It’s a day Macintosh Avid editors have been waiting for, Avid Media Composer is now Apple Silicon Native. It’s been almost three years since Apple introduced the first Apple Silicon M1 Mac Studios, which were powerhouse machines great for video editing and post-production. While Avid Media Composer could run on Apple Silicon, it was eventually qualified to run natively, but it had been running under emulation without native support. That changes with Media Composer v2024.12. Avid “now runs natively on Apple silicon, bringing improved performance for playback, processing, and overall user experience with Apple’s ARM-based processors on Mac computers.”
A quick check of the Macintosh Activity Monitor confirms just that: Media Composer is now Apple Silicon native, as is most of its supporting processes that run in the background.

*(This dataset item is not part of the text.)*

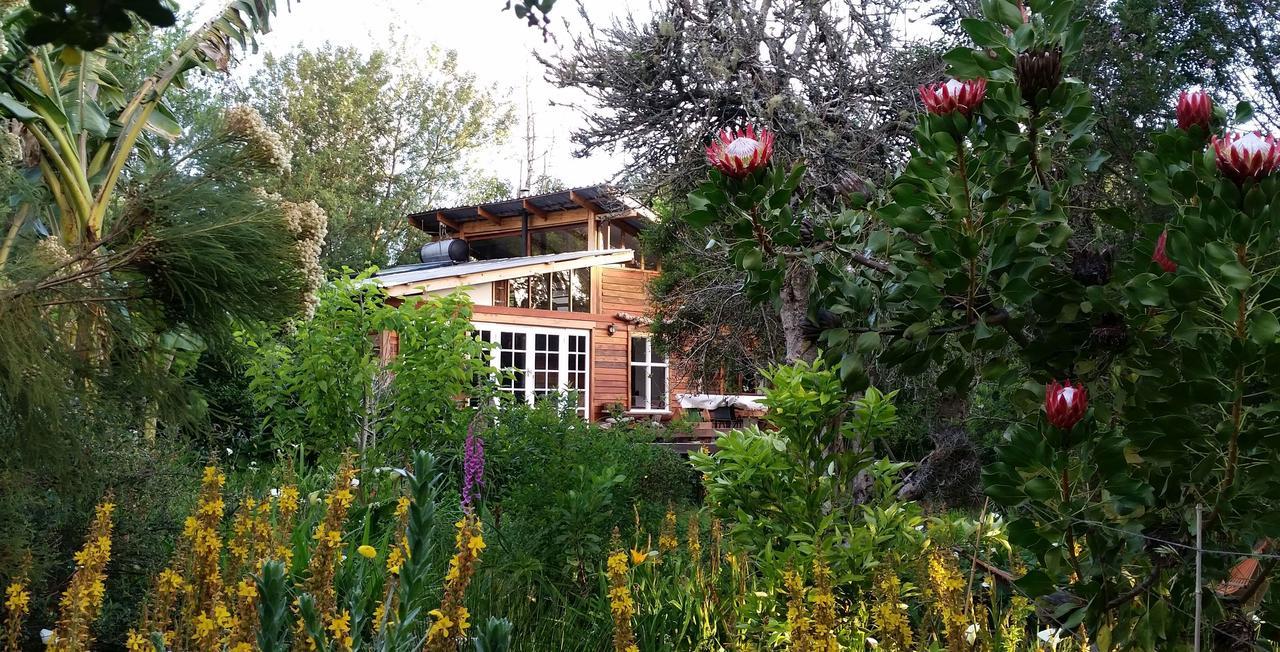 Boutique Vintage Forest Cabin Stormsrivier Eksteriør bilde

Word was this version was supposed to ship at the end of last year, hence why the version number is probably called v2024.12 vs being branded 2025. But we’ll take it and just a little bit of play with this new version after I give it a quick install, it feels nice and snappy. We’ll have to reserve final judgment until we can really put it through its paces with a large project. But launch time was fast, and I’ll take a native application over an application and emulation any day. While I have done some testing of Media Composer running on Apple Silicon, I’ll try to emulate these tests later when I have time.

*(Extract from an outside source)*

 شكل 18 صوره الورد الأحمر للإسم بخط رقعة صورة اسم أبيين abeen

While Apple Silicon support would have been enough on its own, there are a couple of new features worth noting: Pausing Background Transcription While Editing will do just that, pause transcription while editing to help free up other resources if needed. That’s a checkbox in your transcription settings.

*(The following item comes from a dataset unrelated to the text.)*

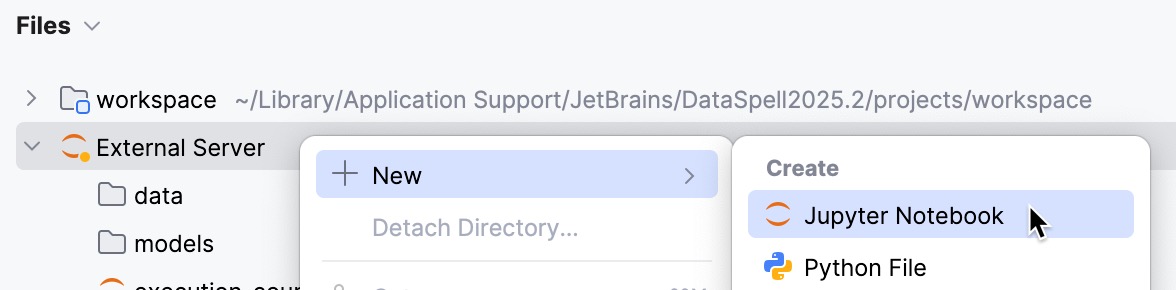 Add a remote server file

But perhaps the most useful interface feature that has been added in this version is Source Side Waveforms. Turn on Source Side Waveforms, and you can see the waveform of the clip currently loaded in the source monitor. Previously, we’d have to toggle Source Record in the timeline and then turn on waveforms for the single clip you saw in your Source Timeline. While that feature still works and is still quite useful, Source Side Waveforms is another option.

There’s also a tool in here called a Waveform Map, which is the waveform overview that will appear at the bottom of a Source Monitor waveform no matter the zoom level.
As you can see in the image above, you can click and drag in that waveform map to quickly move the playhead anywhere in the currently loaded clip. This waveform map can be turned on and off, but I foresee it being on most of the time. Any custom timeline Zoom keyboard shortcuts you have in your settings will also zoom that source waveform.
Show waveforms is also in the Command Palette, so you can map this to a keyboard shortcut.
I’ve mapped my Show Video/Waveform to Shift+A. It’s going to be important to map this to a keyboard shortcut or an interface button. Hitting that shortcut will toggle between the waveforms and the picture when you have a video clip loaded.
While the Apple Silicon support is the big feature of this release, it’s often those little things that make all the difference to editors working in the trenches. The Source Side Waveforms will be really useful.
Be sure and check the Media Composer compatibility versions for systems and OSes if you are thinking about updating. M4 Mac minis and MacOS 15 Sequoia are supported with this release.
And if you’re running Blackmagic hardware check the Blackmagic support for Desktop Video 14.5 as that addresses some of outstanding issues with Media Composer playout through BMD hardware. It specifically mentions that it will Update Media Composer plugin to support Apple Silicon natively.
Media Composer users – the BMD fix is here! pic.twitter.com/BSTzl52SC6
— Chris Bové (@heybove) February 26, 2025
This guy has a good overview:
If v2024.12 isn’t showing up in Avid Link just yet you can download it directly from the Avid support site, which is where I got the installer. Of course you should never upgrade in the middle of a project, but if you have to, perhaps this will help. Good luck and happy editing!